▸ Records for this exercise:

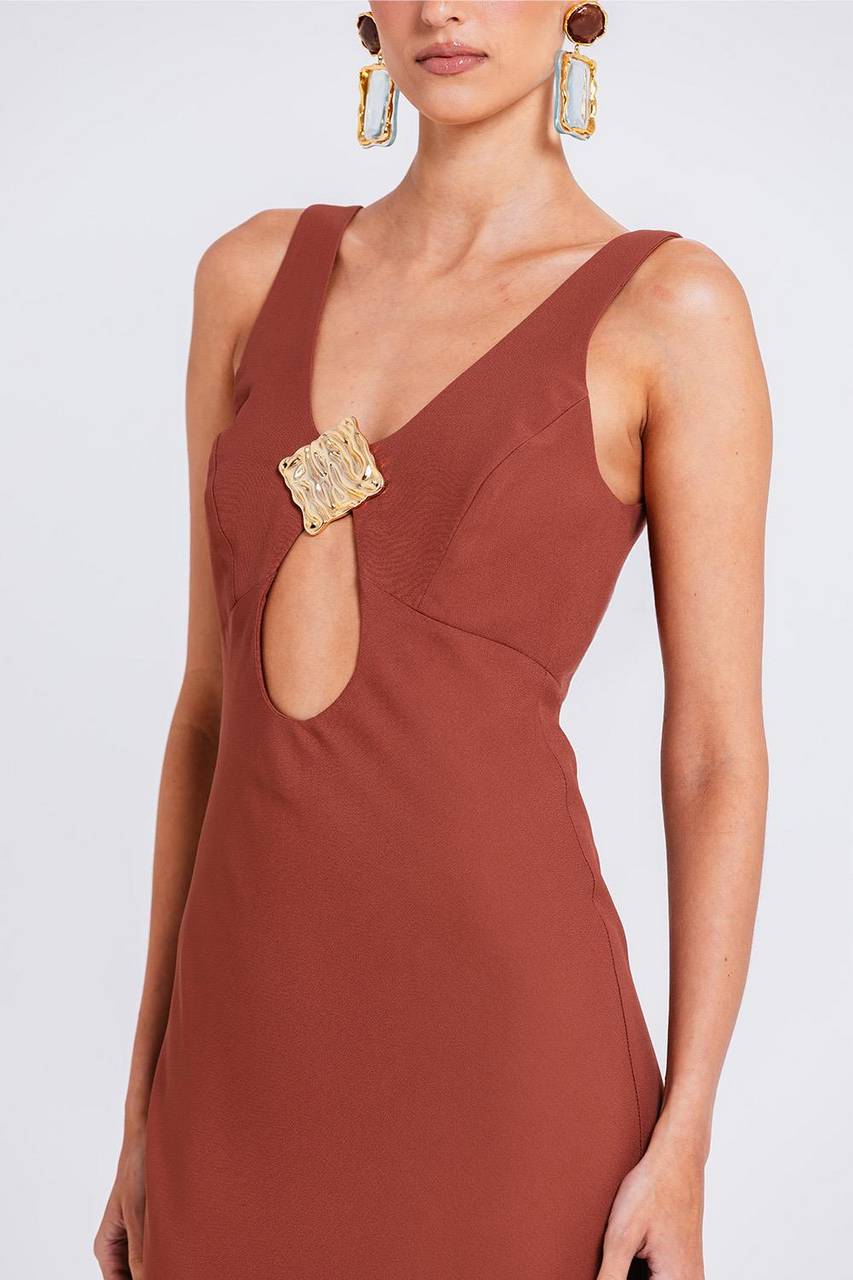 Vestido Sonar - Chocolate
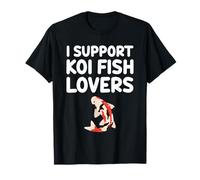 I Support Koi Fish Lovers Símbolo de carpa japonesa Armonía Paz Camiseta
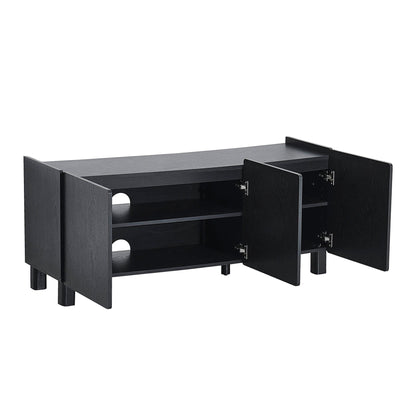 Avalon TV Unit for TVs up to 50" - Black Wood Effect - DUSK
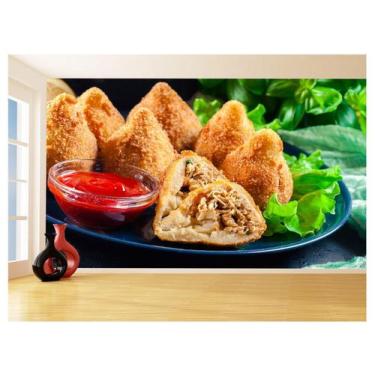 Imagem de Papel De Parede Alimentos Salgados Coxinha Bar 3,5M Al522 - Você Decor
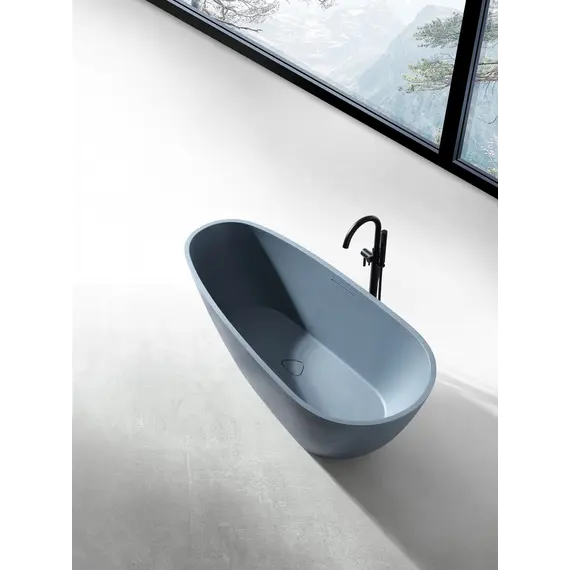 Ванна из искусственного камня ABBER Dortmund 170х75 серая матовая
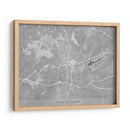 Mapa de Winston Salem (NC USA) en estilo vintage gris - Rosana Laiz Blursbyai | Cuadro decorativo de Canvas Lab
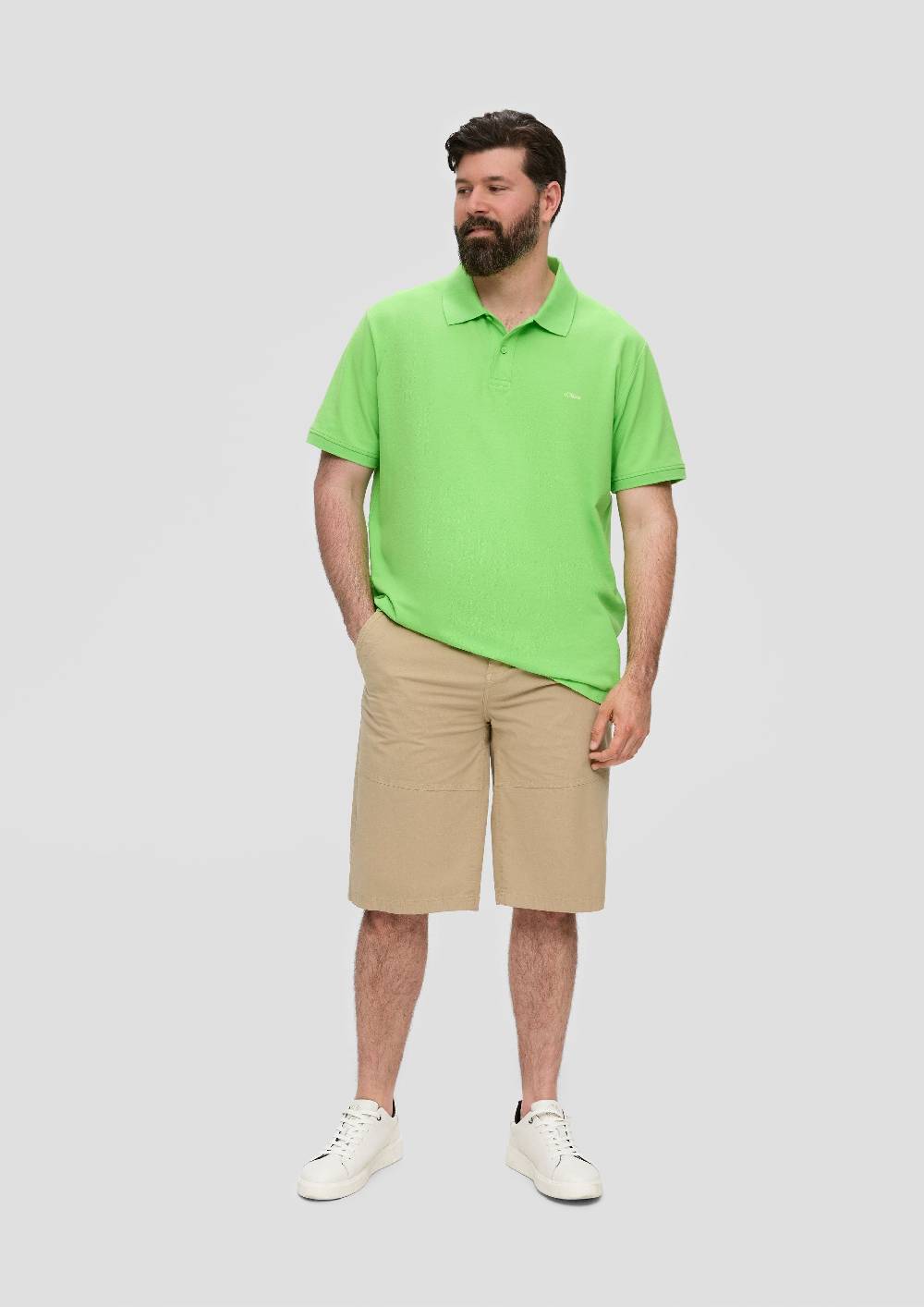 S.Oliver Bermuda-Hose Aus Baumwollstretch Im Relaxed Fit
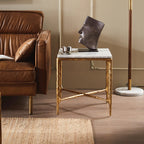 Thaddeus Mabrble Square Side Table 18" 22"
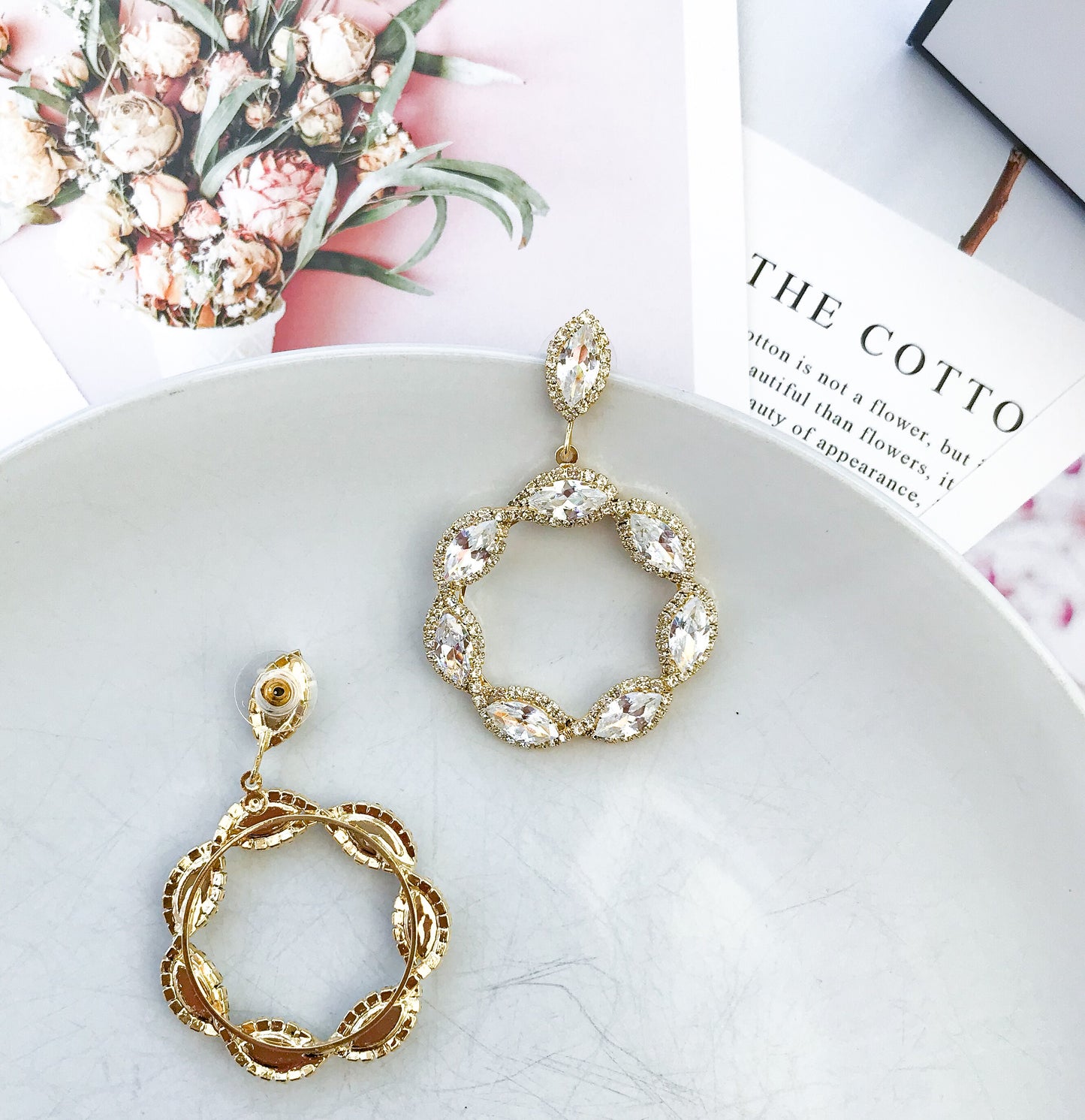 Marley Gold Earrings - Nicholls Jewellery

▸ What you have to do: Transcribe exactly and only the lines from the top of the records through the line containing "Mapa de Winston", inclusive, and do not copy the pictures.

▸ Exercise solution:
 Vestido Sonar - Chocolate
 I Support Koi Fish Lovers Símbolo de carpa japonesa Armonía Paz Camiseta
 Avalon TV Unit for TVs up to 50" - Black Wood Effect - DUSK
 Imagem de Papel De Parede Alimentos Salgados Coxinha Bar 3,5M Al522 - Você Decor
 Ванна из искусственного камня ABBER Dortmund 170х75 серая матовая
 Mapa de Winston Salem (NC USA) en estilo vintage gris - Rosana Laiz Blursbyai | Cuadro decorativo de Canvas Lab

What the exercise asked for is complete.